We see a signal that nicely approximates a sine wave oscillating at $1$ Hz.

Let's play around the discretization vector now. According to the Sampling Theorem, to correctly reconstruct the above signal is enough to sample it at a frequency strictly larger than $2$ Hz, which in turn corresponds to a sampling period $T_s' < 0.5$ s. Let's define a a vector of sampling instants equi-spaced by a sampling frequency of $f_s = 2.1 Hz$ s and let's plot the signal $s(nT_s') = \sin(2\pi nT_s')$ and let's use a First Order Hold (FOH) to linearly interpolate the samples.

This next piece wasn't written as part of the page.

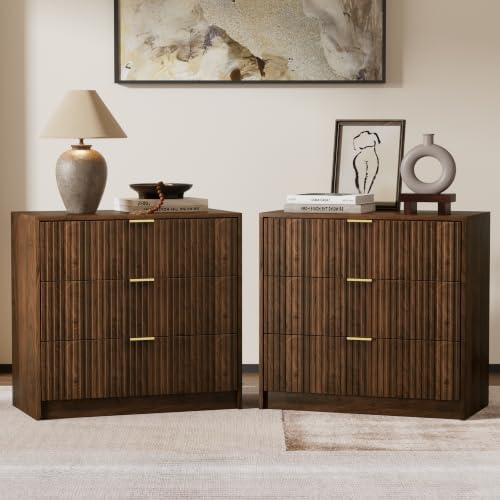 Furniway Fluted Nightstands Set of 2, 31.5" Large Bedside Tables with 3 Drawers, Modern Wood Night Stands with Storage for Bedroom, Walnut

The orange plot is the plot of $\hat s(nT_s)$, which represent the reconstructed signal after the sine with $f_s = 2.1$ Hz is interpolated to 210 Hz:

FOH interpolated result

Now the approximation looks very bad, in-spite of the Sampling Theorem criteria being met.

My feeling is that, in the current setup, you can get nicer approximations by simply increasing the sampling frequency.

Hence, I am interested in an answer to the following problem:

Is there a frequency $f^*>f_n>0$ where $f_n$ is the Nyquist frequency such that for every $f > f^*$ the signal reconstructed by interpolating the samples through a FOH $\hat s(t)$ is arbitrarily close to the original, continuous-time signal $s(t)$, namely the error $\varepsilon:=||s(t)-\hat s(t)||$ can be rendered arbitrarily small?

On a side note, can someone explain me why the two plots above look so different in-spite they have been both sampled according to the Sampling Theorem?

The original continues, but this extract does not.